DATA BELOW ▸
——————————
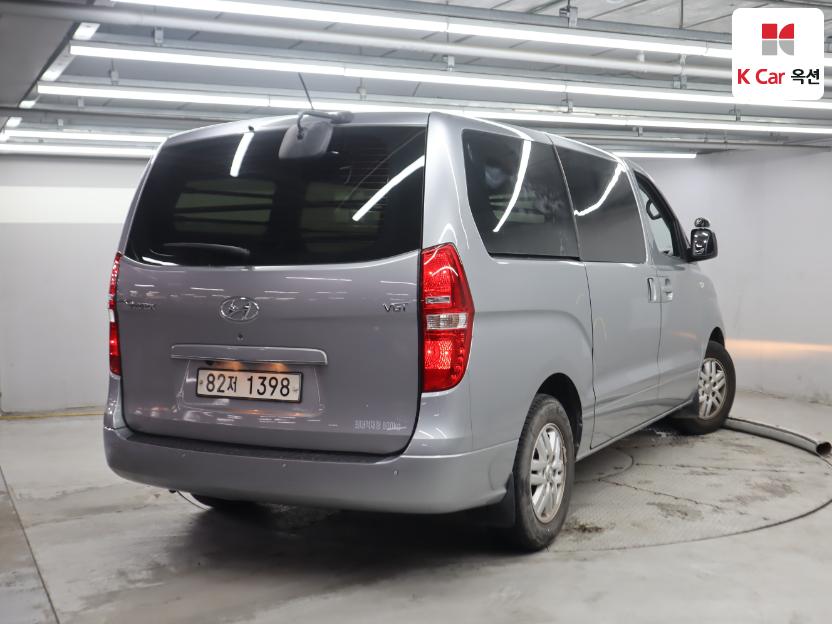 2021 - hyundai grand starex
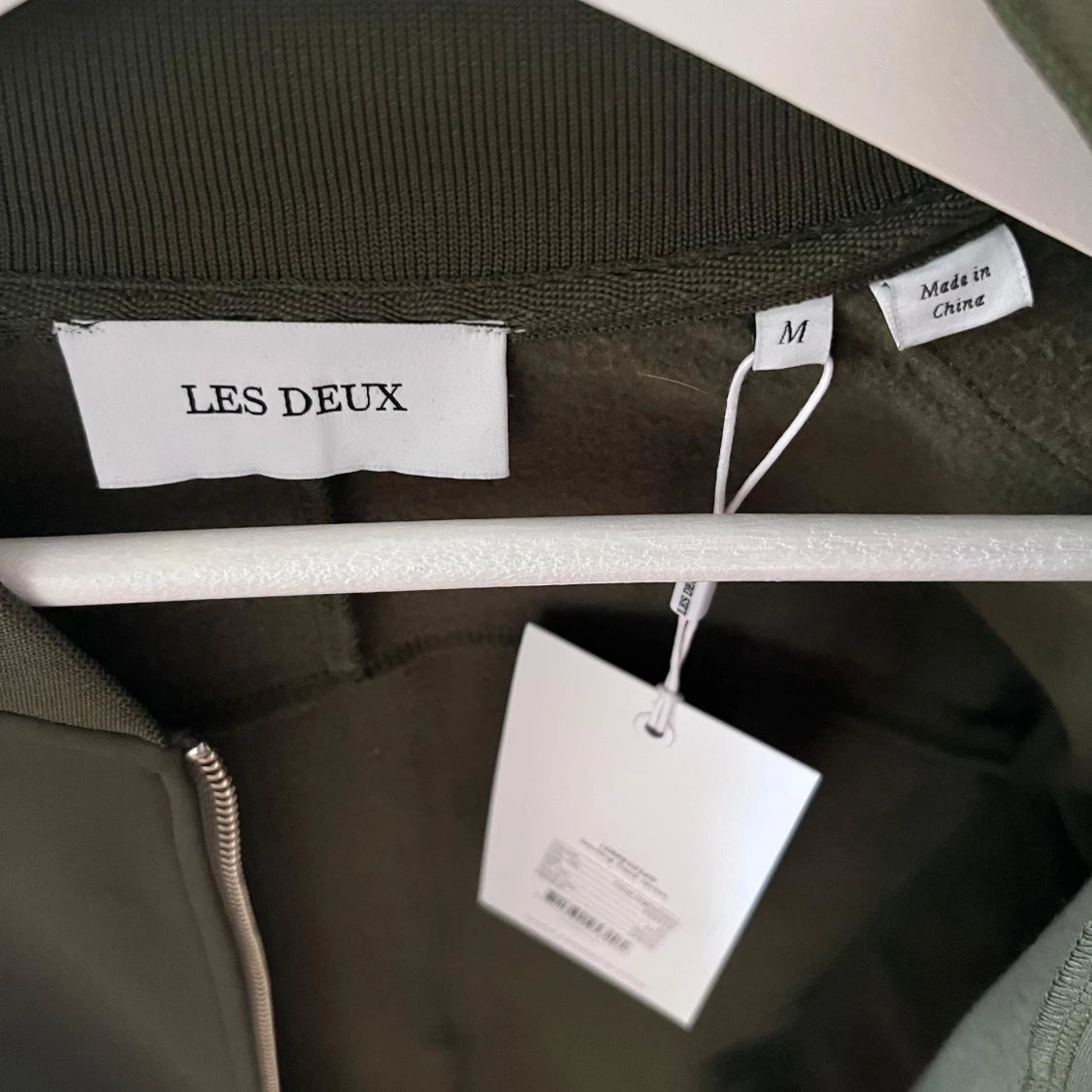 Olivgrön track jacket från Les Deux - 3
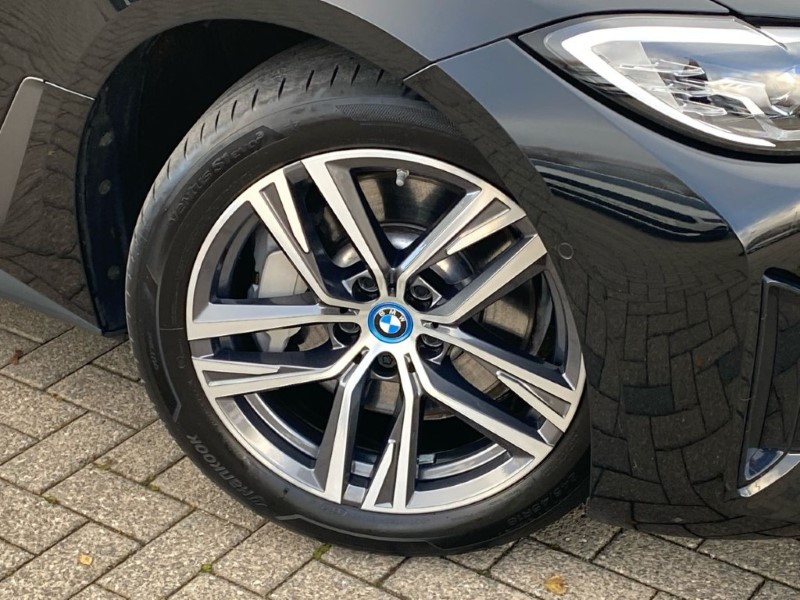 Used BMW i4 2023 for sale - 76982299: Photo 42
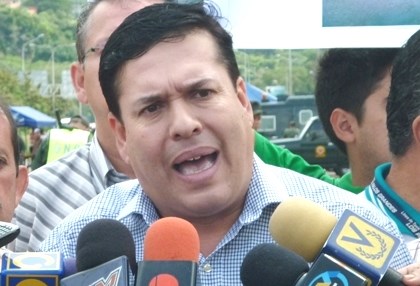 “Más de 100 policías envió Vielma obligados a marchar a Caracas”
——————————
Write out the listing above in full, word for word, with no pictures.

 2021 - hyundai grand starex
 Olivgrön track jacket från Les Deux - 3
 Used BMW i4 2023 for sale - 76982299: Photo 42
 “Más de 100 policías envió Vielma obligados a marchar a Caracas”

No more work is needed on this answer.